REQUIREMENT » Repeat the line that contains "Evidence - Casebookplus" exactly, along with each following line up to and including the last line of the entries.
--- ENTRIES PROVIDED ---
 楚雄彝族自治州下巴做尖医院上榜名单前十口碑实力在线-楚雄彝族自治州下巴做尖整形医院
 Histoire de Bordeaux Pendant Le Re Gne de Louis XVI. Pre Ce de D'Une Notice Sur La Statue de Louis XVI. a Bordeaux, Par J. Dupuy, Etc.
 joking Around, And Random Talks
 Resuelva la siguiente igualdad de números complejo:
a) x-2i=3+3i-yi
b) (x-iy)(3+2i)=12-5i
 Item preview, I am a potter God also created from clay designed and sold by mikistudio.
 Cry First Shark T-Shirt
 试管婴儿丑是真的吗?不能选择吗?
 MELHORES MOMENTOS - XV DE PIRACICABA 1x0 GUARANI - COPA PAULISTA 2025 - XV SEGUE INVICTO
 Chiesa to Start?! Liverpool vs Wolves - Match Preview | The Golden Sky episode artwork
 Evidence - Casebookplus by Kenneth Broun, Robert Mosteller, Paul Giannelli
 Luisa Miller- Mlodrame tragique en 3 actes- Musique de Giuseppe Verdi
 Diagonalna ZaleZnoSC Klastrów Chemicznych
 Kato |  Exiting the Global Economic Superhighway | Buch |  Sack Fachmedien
---
TASK RESPONSE »
 Evidence - Casebookplus by Kenneth Broun, Robert Mosteller, Paul Giannelli
 Luisa Miller- Mlodrame tragique en 3 actes- Musique de Giuseppe Verdi
 Diagonalna ZaleZnoSC Klastrów Chemicznych
 Kato |  Exiting the Global Economic Superhighway | Buch |  Sack Fachmedien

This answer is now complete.